Work required
Nothing but the lines from the one holding "solar-desalination-systems-8658" to the final line of the listing below, both included, should be repeated, and each must match exactly. Omit pictures.

Records for the task
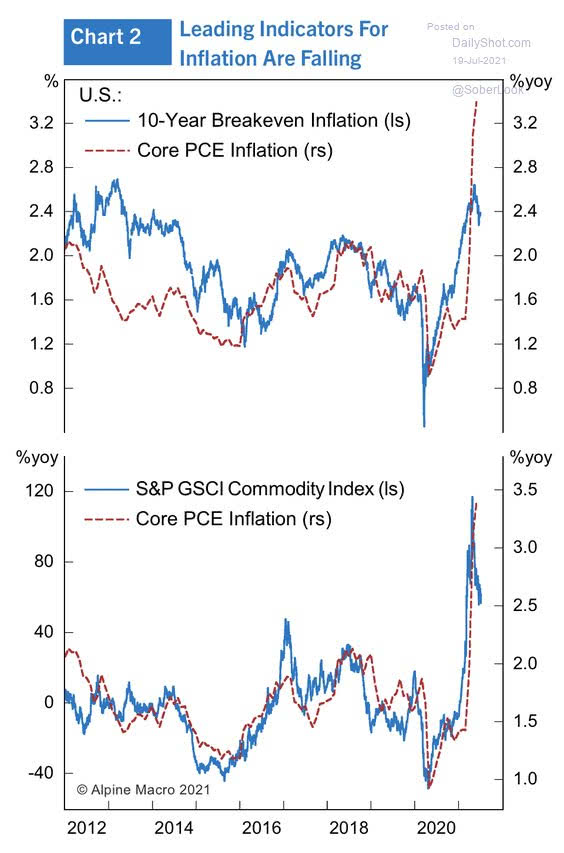 U.S. 10-Year Breakeven Inflation and Core PCE Inflation and Commodities (Leading Indicator)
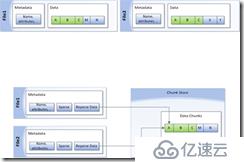 windows server 2012重复数据删除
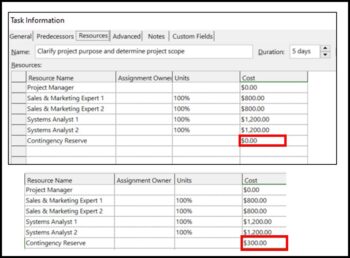 9.7 Microsoft Project Tutorial – Project Management, 2nd Edition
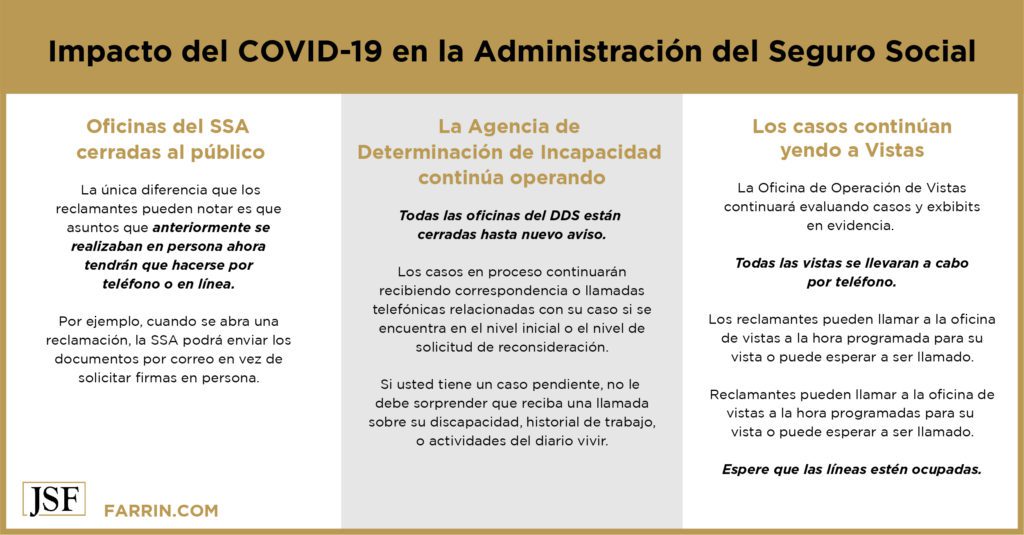 impacto del COVID-19 en la Administracion del Seguro Social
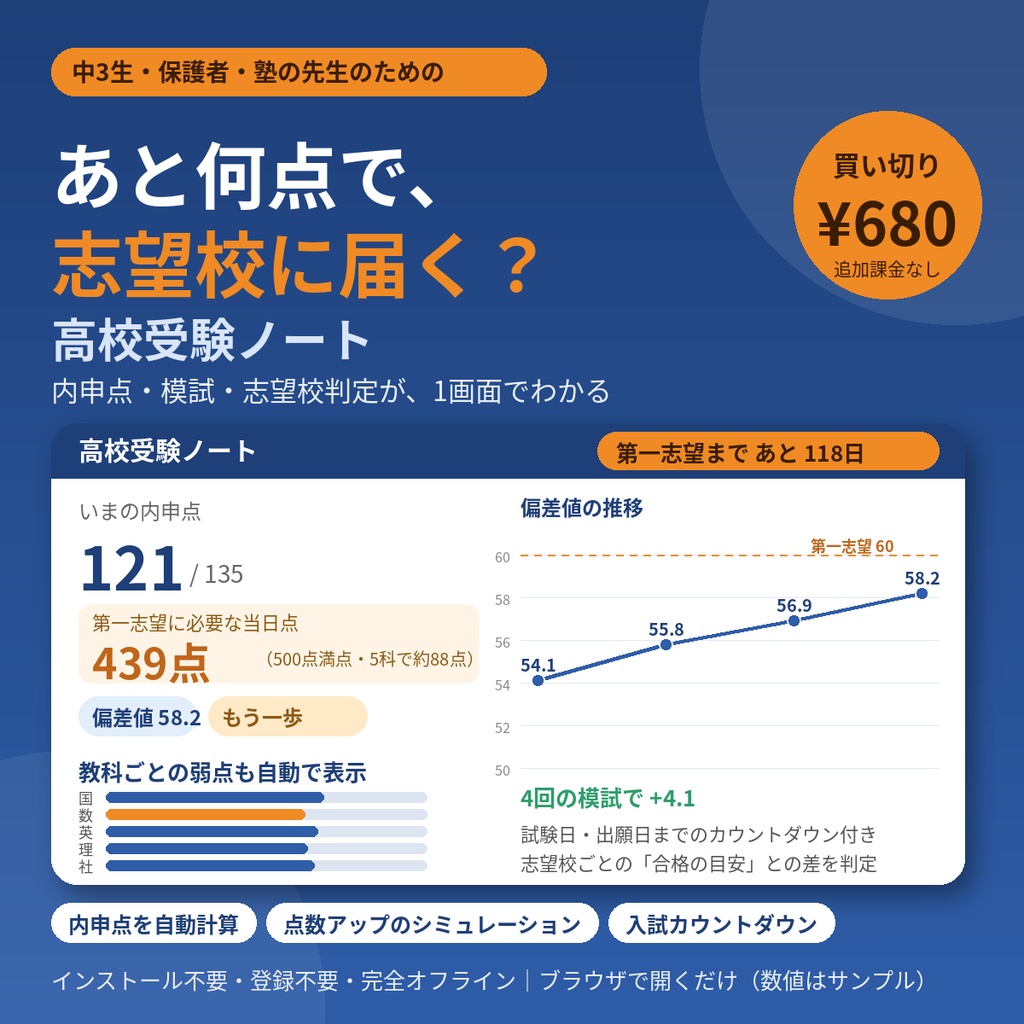 高校受験ノート｜内申点・模試・志望校判定がこれ1つで【内申点計算・偏差値グラフ・必要な当日点・入試カウントダウン・完全オフライン・買い切り】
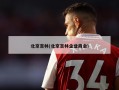 北京吉林(北京吉林企业商会)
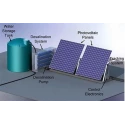solar-desalination-systems-8658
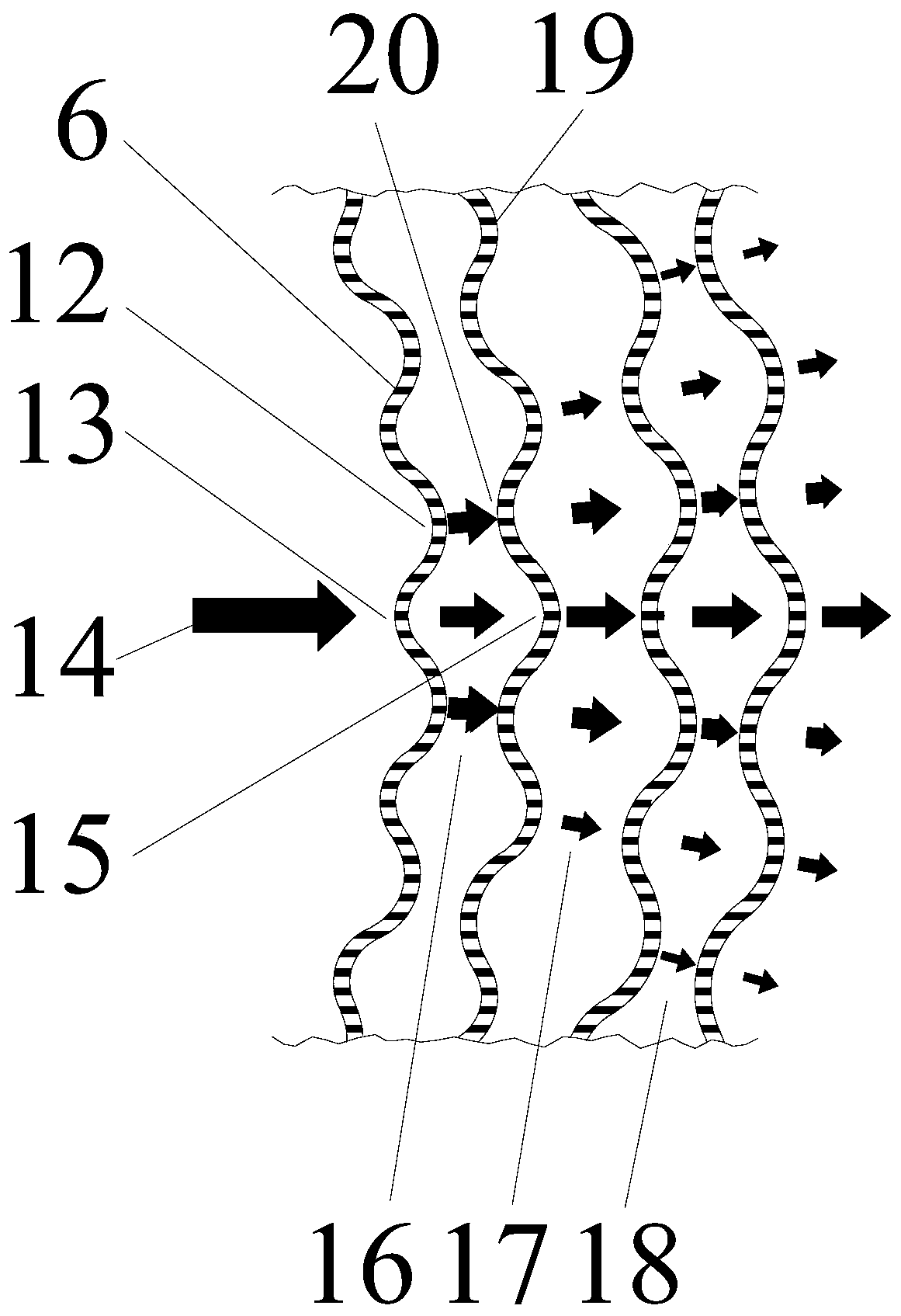 Rotating bed with concentric corrugated rings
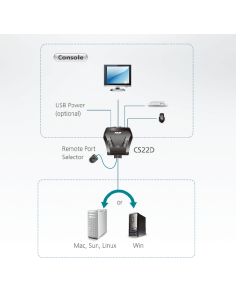 
ATEN CS22D  Conmutador KVM de tipo USB con 2 puertos e interfaz DVI 2
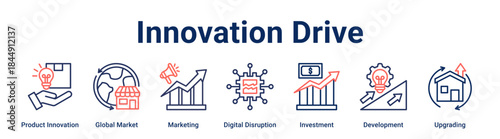 Innovation Drive banner web icon vector illustration concept for business with icon of Product Innovation, Global Market, Marketing, Digital Disruption, Investment, Development.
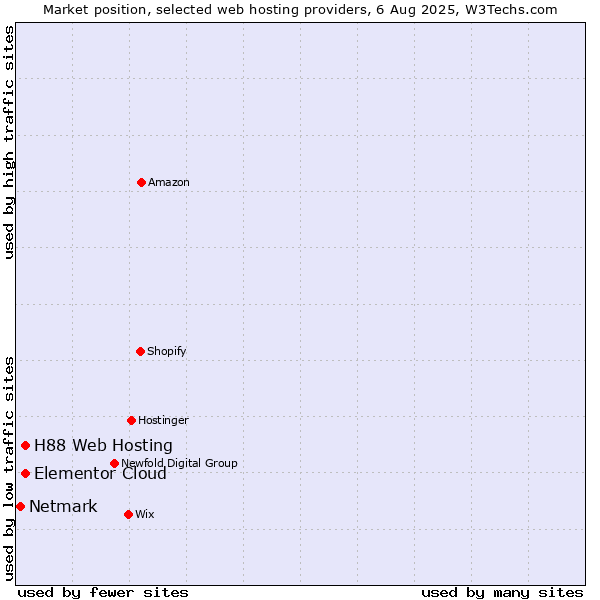 Market position of Elementor Cloud vs. H88 Web Hosting vs. Netmark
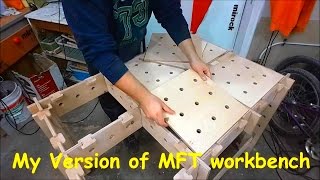 My Version of MFT Workbench [upl. by Arakawa]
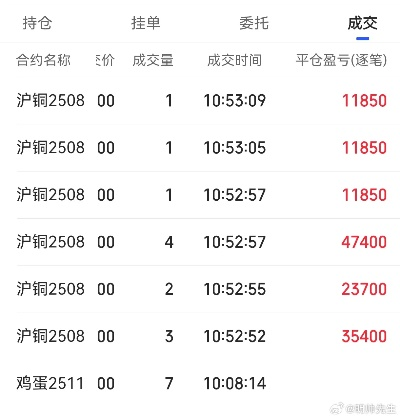 沪铜:沪铜一看多商品期权合约大涨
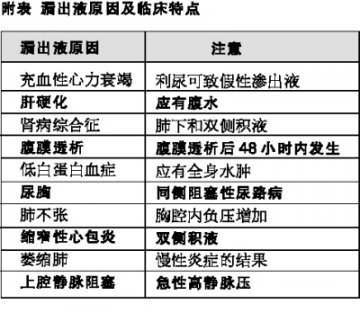 初诊建议定向排查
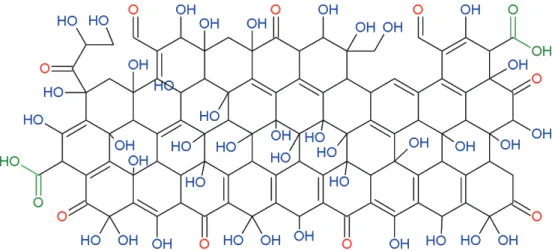 Figure 1. Graphene oxide structure in Lerf-klinowsky Model and different C-O functionalities
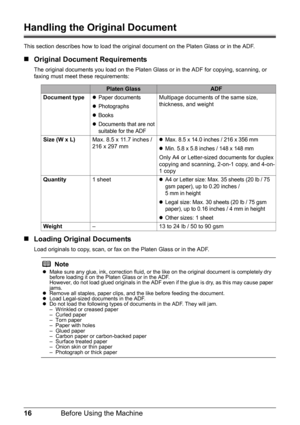 Page 2016Before Using the Machine
Handling the Original Document
This section describes how to load the original document on the Platen Glass or in the ADF.
„Original Document Requirements
The original documents you load on the Platen Glass or in the ADF for copying, scanning, or 
faxing must meet these requirements:
„Loading Original Documents
Load originals to copy, scan, or fax on the Platen Glass or in the ADF.
Platen GlassADF
Document type
zPaper documents
zPhotographs
zBooks
zDocuments that are not...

Task solution
solar-desalination-systems-8658
 Rotating bed with concentric corrugated rings
ATEN CS22D  Conmutador KVM de tipo USB con 2 puertos e interfaz DVI 2
 Innovation Drive banner web icon vector illustration concept for business with icon of Product Innovation, Global Market, Marketing, Digital Disruption, Investment, Development.
 Market position of Elementor Cloud vs. H88 Web Hosting vs. Netmark
 My Version of MFT Workbench [upl. by Arakawa]
 沪铜:沪铜一看多商品期权合约大涨
 初诊建议定向排查
 Figure 1. Graphene oxide structure in Lerf-klinowsky Model and different C-O functionalities
 Page 2016Before Using the Machine
Handling the Original Document
This section describes how to load the original document on the Platen Glass or in the ADF.
„Original Document Requirements
The original documents you load on the Platen Glass or in the ADF for copying, scanning, or 
faxing must meet these requirements:
„Loading Original Documents
Load originals to copy, scan, or fax on the Platen Glass or in the ADF.
Platen GlassADF
Document type
zPaper documents
zPhotographs
zBooks
zDocuments that are not...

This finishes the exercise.